4 min read
I think I'm going to approach this a bit more artistically and a bit less scholarly than may be intended, but I can't help myself.
I was most taken with the topics generated from the prescribed settings (50 topics, 1000 iterations, 20 words per topic):
Space Pirates: strap captain narcissa ship chap board time behaviour morgan surgeon immediately body uncle mate cried expence put told banter thomson
time travel, space ships, best friends, beautiful aliens, and witty remarks from the medic.
The next three all have exceptionally good final three words. I wonder how much the order matters to my understanding of the topics, and how random the order is.
Evening Passion: eyes purpose attention voice tears peace stood silence instantly fixed ground soul night distress place led felt length rose equally
two lovers part in a moonlit garden.
Americans Abroad: peregrine pm pickle lord pipes hero commodore gentleman mrs emilia hatchway love trunnion lieutenant jolter painter company view french behaviour
men in double-breasted suits aboard steamers talk of art and war over lunch.
I'm having a lot of fun with these. They remind me of poems without linebreaks. The NY Times has a running column that makes poems out of missed connections postings on Craigslist, which remind me of this. It makes me really want to write found poetry for my experimental bibliography.
I generated two other lists of topics: one simple, and one complex. Both were disappointing.
10 topics, 100 iterations, 10 words per topic:
pastoral epic: time power pleasure present life nature happiness english country thousand
In fact, the simplicity of the settings has led me to the most complex, or at the very least, abstract topics. I have asked the computer to distill novels to their basest forms for me. If I consider novels an imitation or representation of reality, then I am nearly asking a computer to find the meaning of life. That, of course, did not work out so nicely in The Hitchhiker's Guide to the Universe.
20 topics, 2000 iterations, 15 words, no stopwords:
this took 30 mins for the program to complete.
The most interesting topic this:
an ode to ee cummings: the to of i in a it not that but for be have as my
Satisfyingly the opposite of the "simple" results, but otherwise too basic, too superficial.
Of course, I could write about the easily labeled topics: church, or voyages, or one topic that was very obviously Pamela. What's the fun in that? Topic modeling effectively takes something sciencey and relieves it of any obligation to be scientific.
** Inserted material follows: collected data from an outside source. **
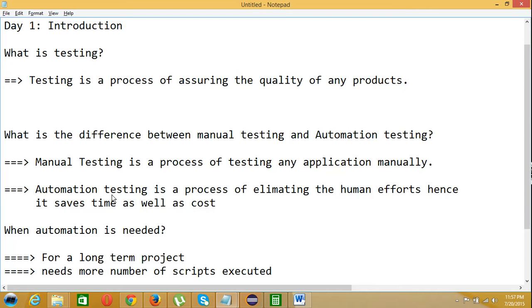A simpler example: the difference between manual and automation testing is like washing your clothes through your hand versus washing the clothes using a washing machine. You can put your clothes inside a washing machine and go do some other tasks, hence it saves your time.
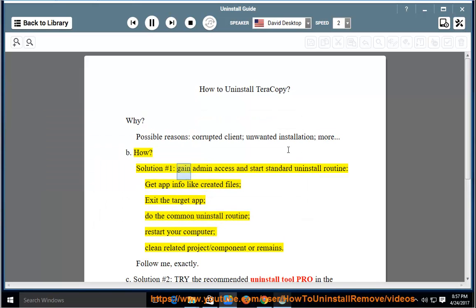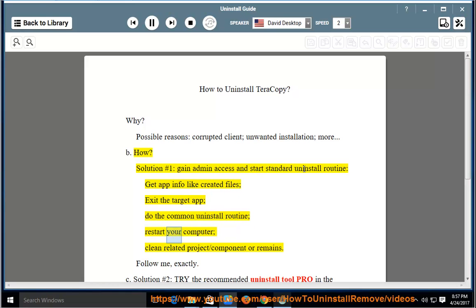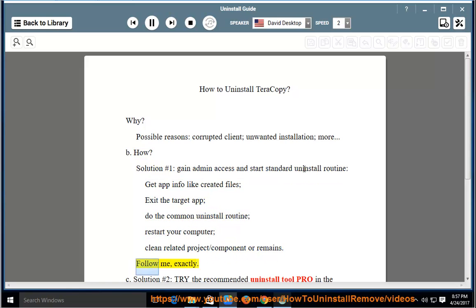Solution number 1: Gain admin access and start the standard uninstall routine. Get app info like created files, exit the target app, do the common uninstall routine, restart your computer, and clean related project components or remains.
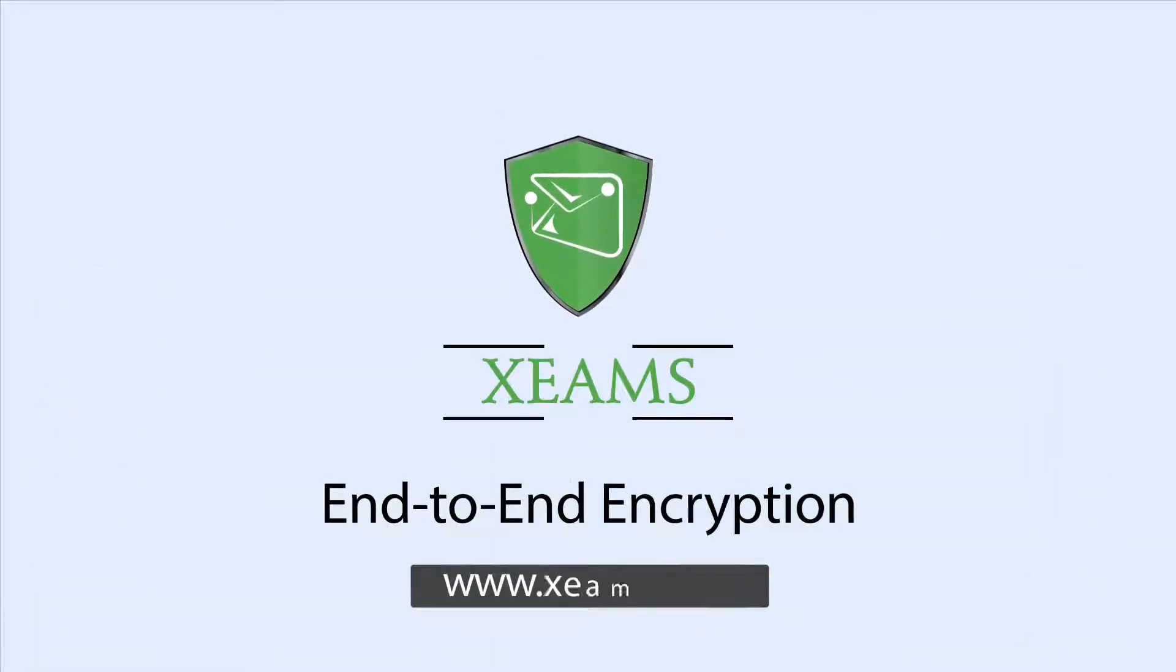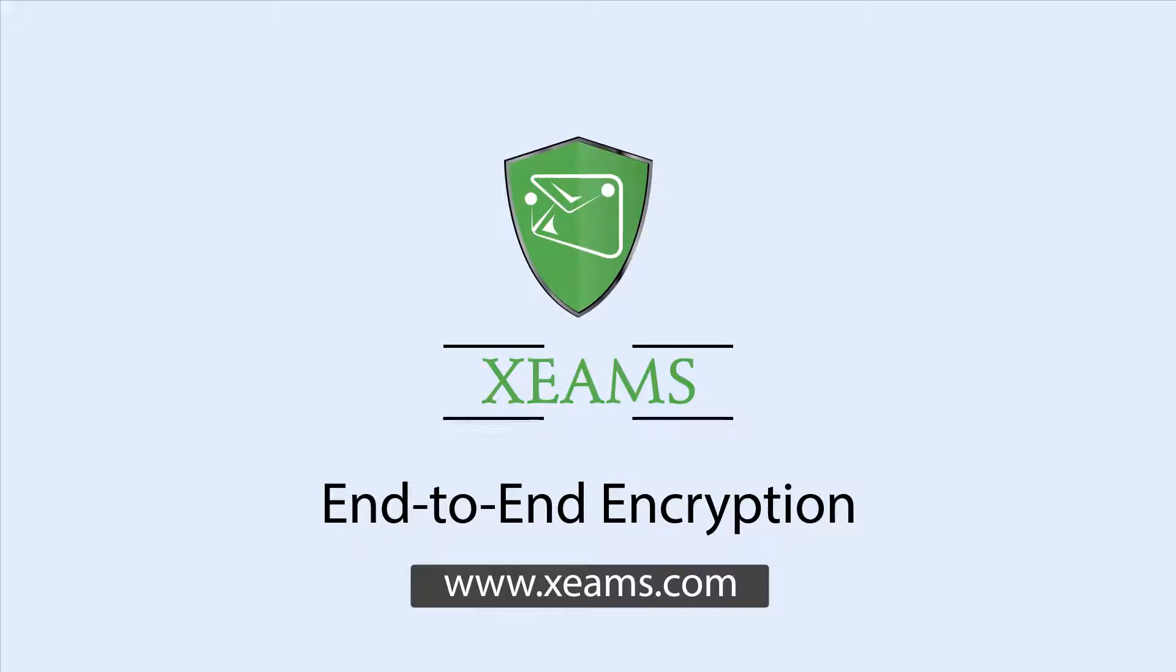To learn more, visit www.Xeem's.com and make your emails truly safe.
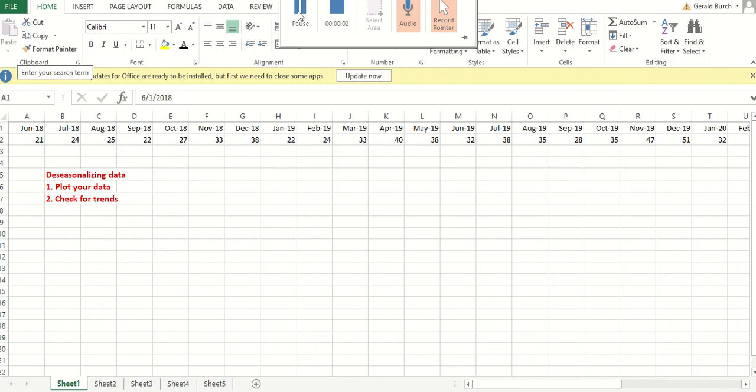Now that we've talked about the basic ways that we can go in and forecast, let's go in now and let's look at data that we think may have some sort of seasonality to it.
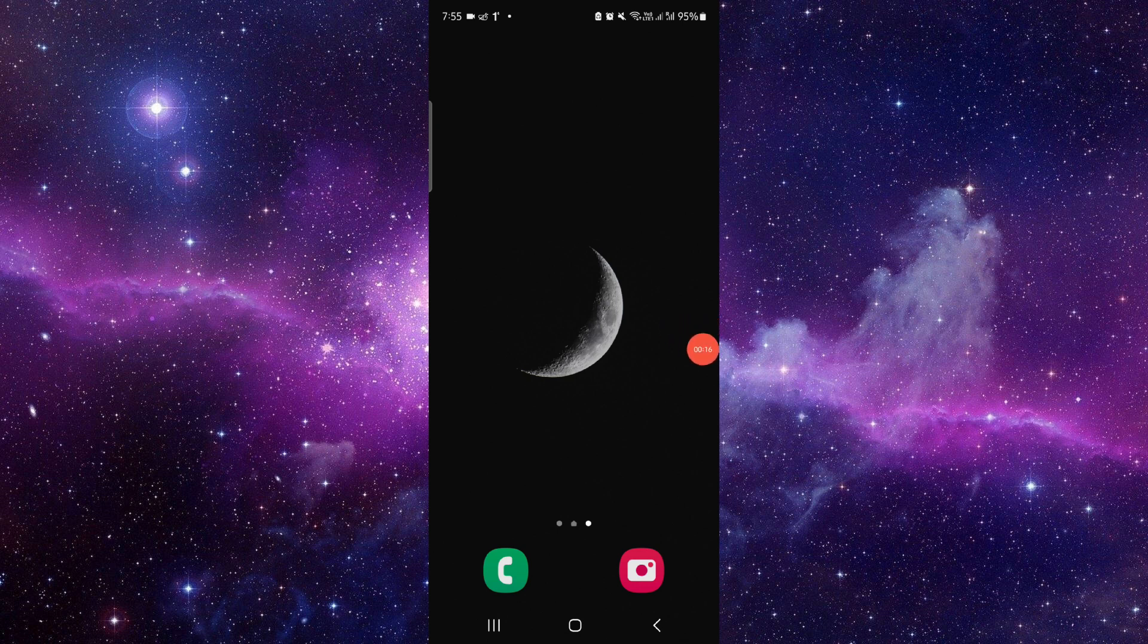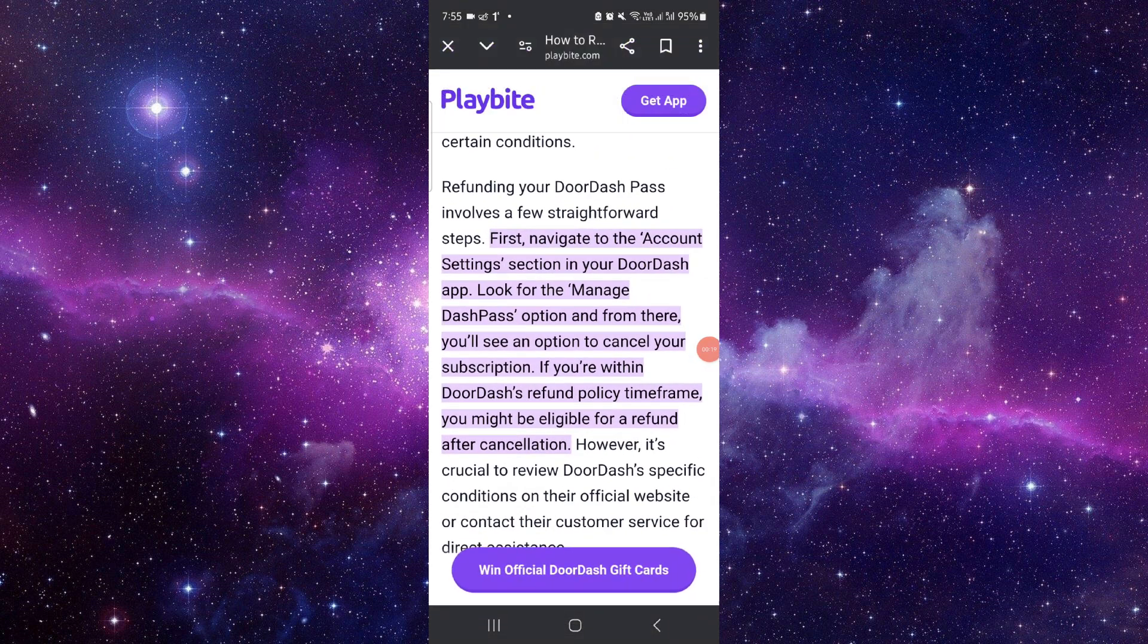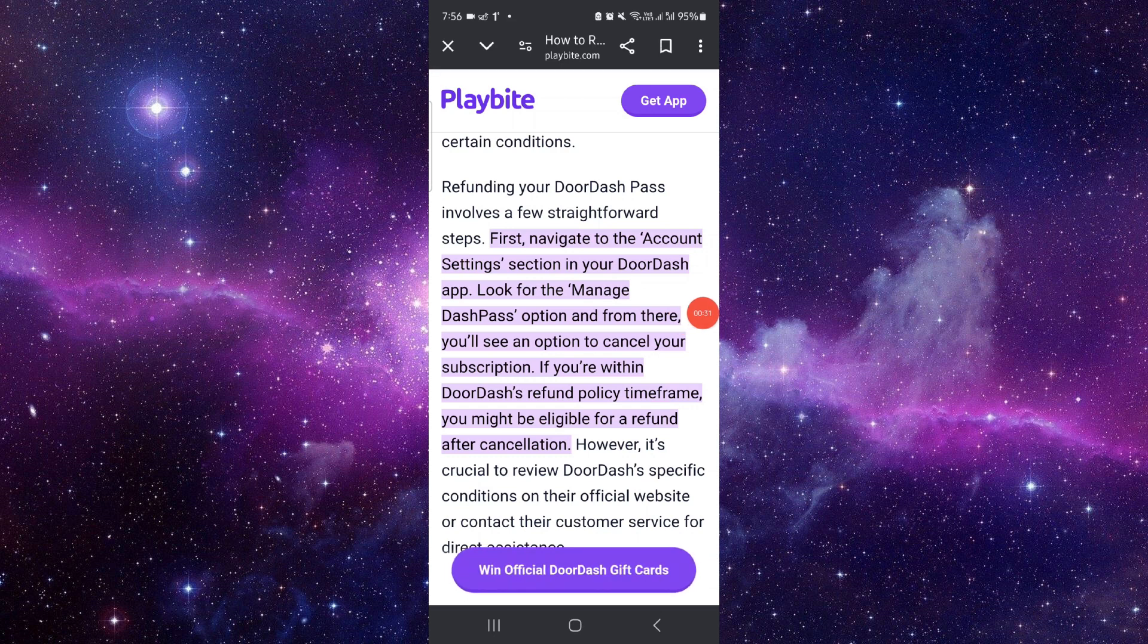So here, we will just go to the account settings. Just go to DoorDash, look to manage, go to DashPass, and then you can cancel. And done.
We take all these data that have been collected in the most absolutely unbiased process and require that they be nearly arbitrarily (certainly subjectively) named, labeled, and sorted.
I've been thinking about applications for topic modeling. Is it practical for telling about large amounts of writing? How could I actually use it in a real situation? Not just by generating lists, I think. But what about connecting the words in the topics to the full information? Could we hyperlink each word to direct back to its appearance(s) in the original text(s)? I'm thinking about something along the model of The Perseus Project. Could we create topic concordances, with links to locations of every instance of the word chosen in the topic? Could we generate statistical metadata, showing frequency, placement, etc? Lastly, could we superscore iterations of topics? Is that already being done by iterating (I don't have a strong enough grip on the actual process)? I'd like to see a super topic model, where only the strongest words remain, only those used over and over and over again, or used from topic to topic to topic. Is that close to my simple settings? What would happen if I asked the program to iterate once, generate one topic, and choose one word? I assume it would choose the most used word in 1760's novels.
I did this and returned with "sir". With 2 topics and two words each, I got "time made" and "sir lady." I'm intrigued by time made. I will leave it on this note.